Add Reliably to your GitHub Workflow

Adding Reliably to your GitHub repositories is as simple as adding a GitHub Workflow with a GitHub Action.

For this walkthrough, we're going to add a fresh workflow to a repository. However, if you intend to embed this into an existing workflow, you can simply add the reliably job as another item in the jobs schedule and ensure the env variables are included

Note

The source code used in this walkthrough is available in this demo repository

important

If you aren't working in a public repository, you will need Advanced Security enabled. For more information, see the GitHub Docs

In the repository that you want Reliably to work with, you can create a reliably.yaml workflow by using the reliably workflow --platform github command. This will create the following workflow under .github/workflows:

name: Reliably workflow

on: push

env:
  RELIABLY_TOKEN: ${{ secrets.RELIABLY_TOKEN }}
  RELIABLY_ORG: ${{ secrets.RELIABLY_ORG }}

jobs:
  reliably:
    runs-on: ubuntu-latest
    steps:
      - name: 'Checkout source code'
        uses: actions/checkout@v2
      - name: 'Run Reliably'
        uses: reliablyhq/actions/scan@v1
        continue-on-error: true
        with:
          format: "sarif"
          output: "reliably.sarif"
      - name: Upload result to GitHub Code Scanning
        uses: github/codeql-action/upload-sarif@v1
        with:
          sarif_file: reliably.sarif

You should now have the following in your repository (along with any other files you already had):

.github
└── workflows
    └── reliably.yaml

This workflow describes that GitHub should:

  1. Listen for any pushes
  2. Run a new job using the ubuntu-latest image
  3. Checkout the source code using GitHub's own actions/checkout@v2 action
  4. Run Reliably's GitHub Action and output errors to a reliably.sarif file
  5. Upload the reliably.sarif file to GitHub Code Scanning
Note

GitHub Code Scanning is a GitHub feature which groups potential vulnerabilities in the Security tab of your repository

Make sure that your new workflow has been committed and pushed to GitHub. Once you've pushed the changes, navigate to the Actions tab on your repository on GitHub and you should see that your new workflow has been added:

New Reliably GitHub workflow added

The Action will have automatically run as it runs on a push command which you just used to put the workflow to GitHub. However, it will fail because, currently, it doesn't have access to either your Reliably Access Token or Organization. This is where GitHub secrets come into hand

Setup Secrets

For the workflow to be able run the Reliably Action, it requires your Reliably Access Token and Organization. To avoid exposing secure information within your workflow file, we advise that these values are stored as GitHub Secrets.

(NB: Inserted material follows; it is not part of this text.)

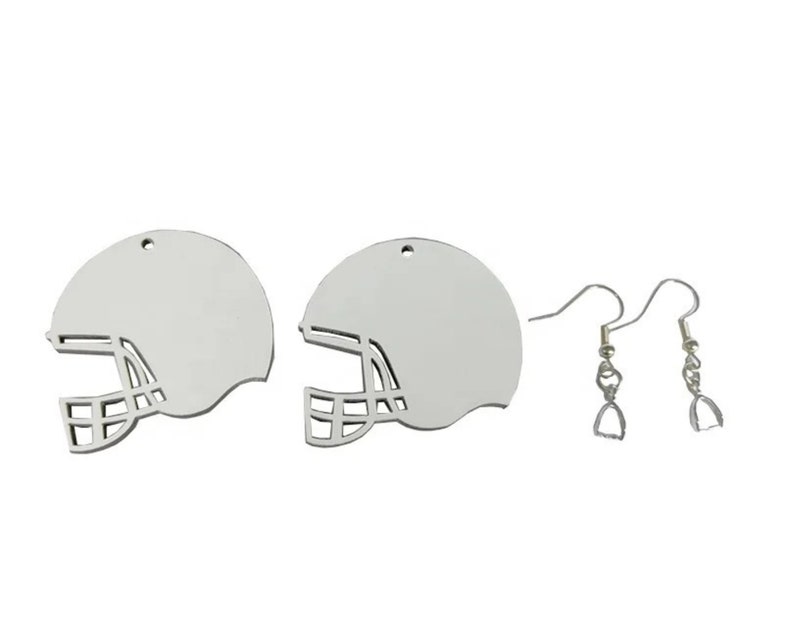 May include: A pair of silver earrings featuring a football helmet design. The earrings are on a silver hook.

You can retrieve both the Access Token (aka API key) and Organization by using the cat ~/.config/reliably/config.yaml command:

cat ~/.config/reliably/config.yaml
auths:
    reliably.com:
        token: {Access Token}
        username: your-username
currentOrg:
    name: {Organization}
    id: an-org-id

The Access Token should be stored as a secret with name RELIABLY_TOKEN and the Organization as one with name RELIABLY_ORG to match the workflow environment variables. You may choose to use alternative names but be sure to update the workflow environment variables accordingly

To add these secrets to your GitHub repository, go to Settings > Secrets > New repository secret or follow the documentation:

GitHub secrets

Trigger your new Reliably workflow

Once you've added these values as secrets, you can trigger this workflow by committing and pushing a manifest.yaml file to the root of your repository. Do this now with a manifest.yaml file that contains the following:

apiVersion: v1
kind: Namespace
metadata:
  name: reliably
---
apiVersion: v1
kind: Pod
metadata:
  name: chaostoolkit
  labels:
    app: chaostoolkit
spec:
  restartPolicy: Never
  containers:
  - name: chaostoolkit
    image: chaostoolkit:latest

This manifest.yaml file has been specifically written to trigger some of Reliably's Suggestions. You should now have the following in your repository (along with any other files you already had):

manifest.yaml
.github
└── workflows
    └── reliably.yaml

Again, make sure you've committed and pushed your changes to GitHub on your root branch. Once you have pushed your changes, head on over again to the Actions tab on your repository in GitHub and you should see that an action has been triggered, or even completed:

Reliably GitHub workflow triggered

As you will see, the workflow will pass this time. To view the results of the Code Scanning, head over the Security tab of your repository and look under Code scanning alerts:

A list of open code scanning alerts

As you can see, there are two scanning issues detected:

  1. The indicated image, chaostoolkit:latest comes from an untrusted registry.
  2. The usage of Latest for tags is forbidden.

These issues could lead to reliability problems if you were to apply this manifest to your system.

Each alert is displayed in the context in which it was triggered which, in this example, was the manifest.yaml file.

Screenshot of a Code Scanning Alert details

Note

Currently, the highlighted line shows the beginning of the resource. It is soon intended to be the precise line of the suggestion in the source code.